# I'm bringing this question to a new topic ???



## Fetch (Mar 1, 2002)

Before we just go - oh well, it's over, we lost ???

I hope the e tree is used one last time - to ask all to write the Govenor & Director of Game & Fish Dept. & ask - what is the plan now ??? Because it is back in their laps - If nothing is said, it will be a signal to them, that we really don't care. That it turned out, with the group who made the least waves & out-cry for change, lost = (US) ??? - If they don't hear from all who were really disappointed in the failure of 2048 - this is what will happen.

I sent both the Govenor & Director a letter the next day & have not heard back from either ???


----------



## rap (Mar 26, 2002)

great idea, everyone on the etree should send a letter to the governor about this issue, definitely can't hurt


----------



## Matt Jones (Mar 6, 2002)

Sending an email can't hurt but I think getting a good turn out for the advisory board meetings would be even better.


----------



## Dan Bueide (Jul 1, 2002)

Fetch, check your notice of 4/03 requesting Governor contact about 1358 (there's a 2048 message in there too).
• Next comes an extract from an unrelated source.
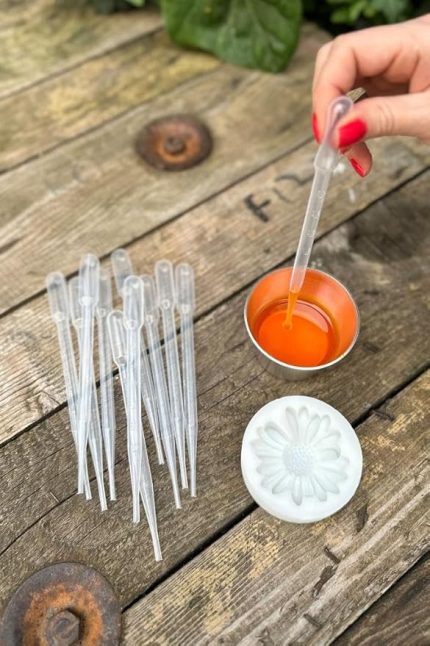 Concept Pastör Pipet (Damlalık) 3 ml (50 Adet)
We're in a lull right now, with two of the more prominent bills, 1050 and 1223, in conf. comm. When they get reported out and ready for floor action again, we'll crank up the ol' etree again. Governor Hoeven signed 1358 yesterday.


----------



## Ron Gilmore (Jan 7, 2003)

By the way Gov. Hoven responded to my e-mail in less than 5 minutes. Nice to see that someone is reading the incoming messages.


----------



## Fetch (Mar 1, 2002)

Maybe I should'nt have used so many four letter words  Not Really 

Here is what I wrote :

Govenor Hoven & Director Hilldebrand

I have a few questions & comments on the failure of 2048 (Hunter Pressure Concept)

How sad it was to see it fail (especially the way it did) It is sure to be as festering a issue now, as ever.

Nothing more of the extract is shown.